O MinC, portanto, surgiu junto com a Nova República para atender aos anseios de artistas, intelectuais, professores, pensadores e produtores de arte e cultura que participaram da campanha das Diretas Já e da eleição indireta de Tancredo Neves, pondo fim a 21 anos de ditadura. O primeiro ministro da Cultura foi o então deputado José Aparecido que, de imediato nomeou um negro (Carlos Moura) e um índio (Cacique Marcos Terena) como assessores diretos. Foi seu primeiro ato.
O MinC se tornou a Casa da Cultura dos que queriam e desejavam pensar a cultura brasileira do ponto de vista simbólico, estrutural, econômico e artístico. Foi a partir da nomeação de Moura que surgiu a proposta de criação da Fundação Palmares para políticas públicas culturais afro-brasileiras. O ministro Aparecido não esquentou a cadeira, pois atendeu a um pedido do presidente Sarney e virou governador indireto de Brasília. No governo Sarney, passaram pelo MinC intelectuais do porte do economista Celso Furtado e do acadêmico e dicionarista Antônio Houaiss. Personalidades como Ziraldo, o poeta negro Adão Ventura, o historiador Angelo Oswaldo participaram e criaram o ministério.

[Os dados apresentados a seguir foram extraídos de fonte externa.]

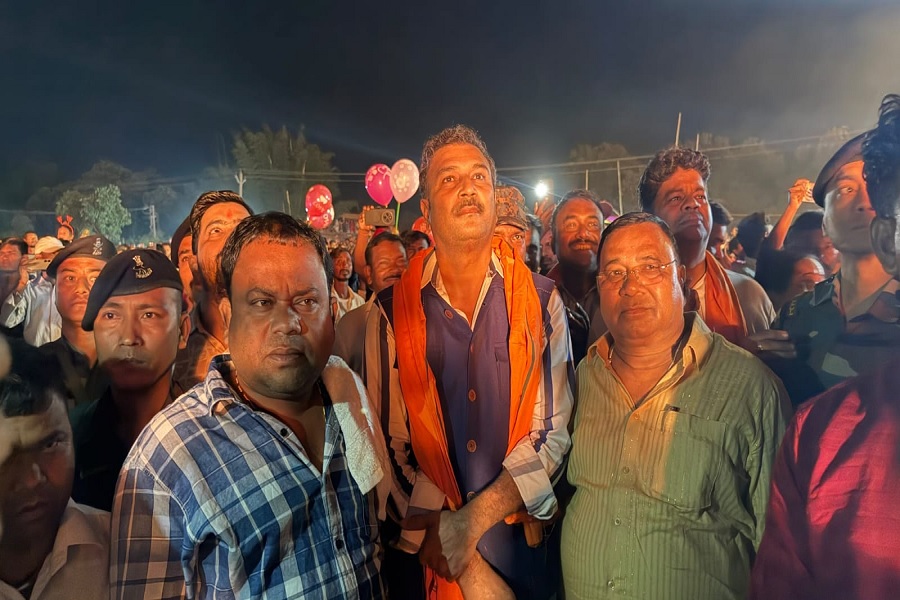 बाकड़कुड़ी में रावण दहन कार्यक्रम में शामिल हुए सुदेश महतो, दिया सत्य और धर्म की विजय का संदेश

No governo Collor, o MinC se apequenou. Em 12 de abril de 1990 foi transformado em Secretaria da Cultura, diretamente vinculada à Presidência da República. Essa situação foi revertida pouco mais de dois anos depois, já no governo do presidente Itamar Franco, quando foi criada a Lei Rouanet de incentivo à cultura.
Em 1999, no governo FHC, foram ampliados os recursos e a estrutura foi reorganizada. O ministro Francisco Weffort passou a aplicar a famosa Lei Rouanet captando recursos para projetos culturais. A lei atendeu e atende a produtores culturais do país, mas não consegue bancar com seus recursos direcionados a milhares de pequenos produtores. Esse gargalo ainda não foi resolvido.

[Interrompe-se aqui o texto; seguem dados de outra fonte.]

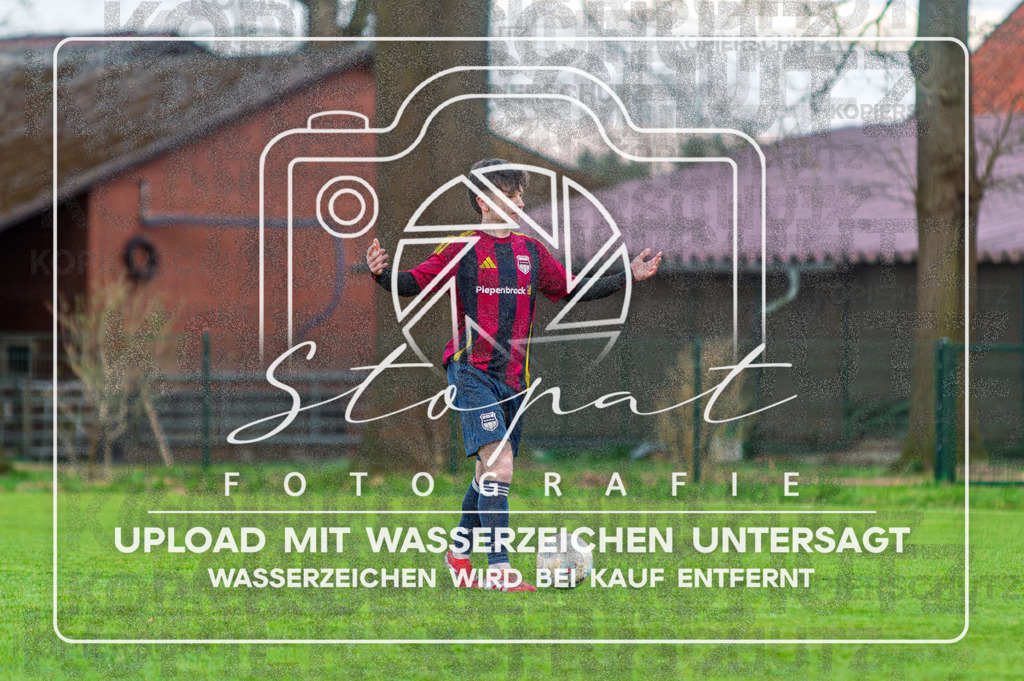 FGFSSGN-1048 | Max Henry Grenke (SG Nordheide 3 #09) beim Herren 3. Kreisklasse HK Spiel zwischen FG Fulde-Stellichte II und SG Nordheide III im Fulder Zentralstadion, Fulde (Simon Paul Stopat) - Realisiert mit Pictrs.com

Em 2003, o MinC passou a viver a chamada “Era Gil” da cultura brasileira. Ao ser convidado e nomeado para o ministério, o cantor e compositor tropicalista Gilberto Gil, resolveu atender ao chamado do presidente Lula que lhe disse: “vá lá e faça como você faz no palco”. E Gil fez mesmo: montou uma equipe competente de “cabeças iluminadas” e saiu pelo Brasil dançando e cantando, anunciando as boas novas. No seu discurso de posse, falou em “do-in antropológico”, que massagearia pontos vitais momentaneamente desprezados ou adormecidos do corpo cultural do País. O “do-in” serviu para “avivar o velho e atiçar o novo”, segundo o poeta e antropólogo Antônio Risério, criador da expressão.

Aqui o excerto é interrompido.